Labyrint-Ari[08b]

Labyrint-Ari[08b]

J. Chr. de Vries

De Zdren willen alle vier met mij meegaan om de bovenverdiepingen van het schoolgebouw te verkennen. Ik vind het best. Aan het einde van de gang achter de klapdeuren stuiten we opnieuw op twee klapdeuren, erachter bevindt zich een trappenhuis. We lopen omhoog naar de eerste verdieping, waar we opnieuw op twee klapdeuren stuiten die naar de gang boven de gang beneden leiden.

We lopen langs de rij van acht klaslokalen, die blijken allemaal leeg, er is geen spoor te zien van de acht oudere kinderen, alle tafels en stoelen staan netjes opgesteld in rijen van vier. Op de verdieping hierboven hetzelfde verhaal. De derde verdieping is de laatste, maar ook hier zijn alle lokalen leeg. Wel treffen we sporen aan van de jongelui, de tafels en stoelen zijn allemaal opgestapeld, en er liggen matrassen op de vloer van alle acht lokalen. Maar geen kleding of ander bewijs dat ze hier gewoond hebben. In het trappenhuis vinden we een deur die naar buiten het gebouw leidt. De deur zit op slot. Ik pak mijn sleutelbos, en probeer of ik een passende sleutel heb, maar dat blijkt niet het geval.
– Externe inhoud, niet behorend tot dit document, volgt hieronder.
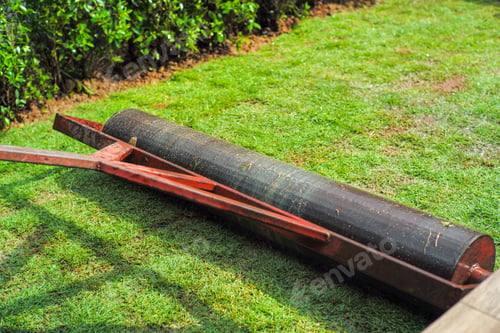 Preview: Closeup heavy steel drum for pressing the lawn field during growing the grass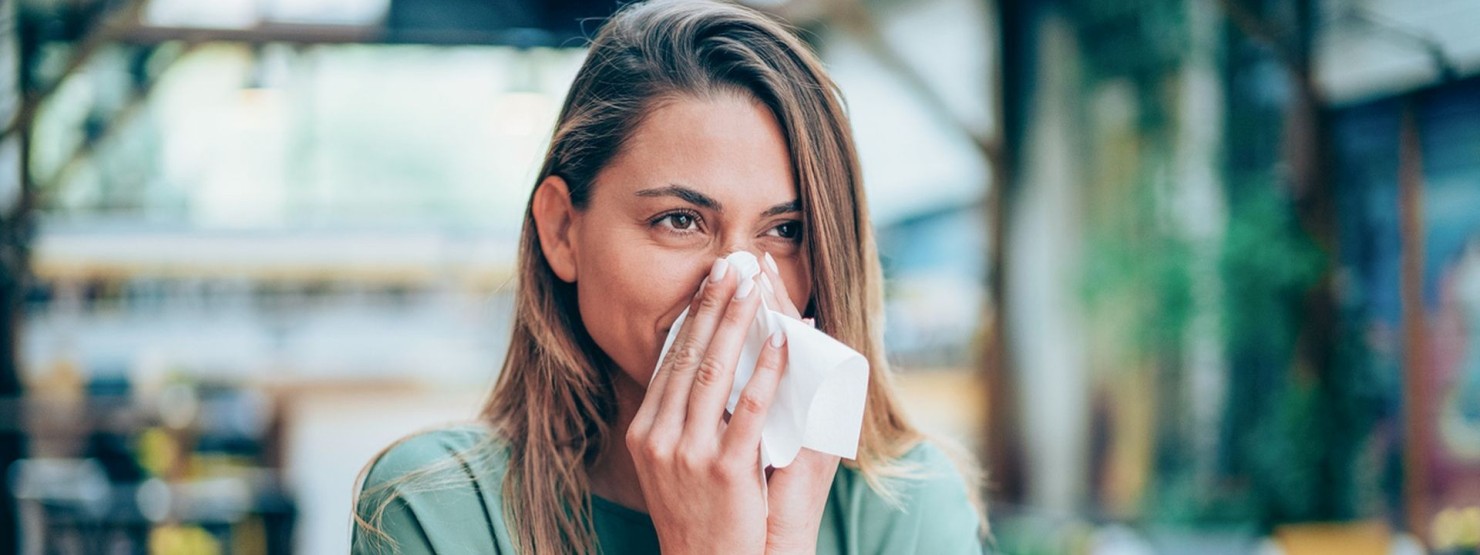 Eine Frau putzt sich aufgrund einer Pollenallergie die Nase.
Ik heb geen idee waar die acht jongelui naartoe zijn gegaan, of dat ze al die tijd al elders woonden. Oriten heeft ook geen idee, ze kwamen af en toe langs om in de keuken eten te maken, of door de Zdren te laten maken, maar zeker niet elke dag. Op mijn vraag of er elders soms nog meer kinderen, of misschien ook volwassenen zijn, moet Oriten het antwoord schuldig blijven. Ze hebben hier in ieder geval nooit volwassenen gezien, alleen die acht naarlingen.

Ik loop de kelderruimte in, op zoek naar een koevoet of zoiets, waarmee ik de buitendeur op de derde verdieping kan openbreken. Behalve de koevoet, die inderdaad ergens in een van de kasten ligt, vind ik ook een nieuw slot, die ik in de plaats van het oude ga monteren. Dan kunnen er geen ongenode gasten van buiten naar binnen komen, maar wij wel. In het kantoortje waar ik mijn intrek heb genomen vind ik tot mijn verrassing een kleine camera en een tablet onderin het bureau. Die ga ik bij de uitgang monteren, zodat we hier beneden kunnen zie wie er eventueel binnen komt.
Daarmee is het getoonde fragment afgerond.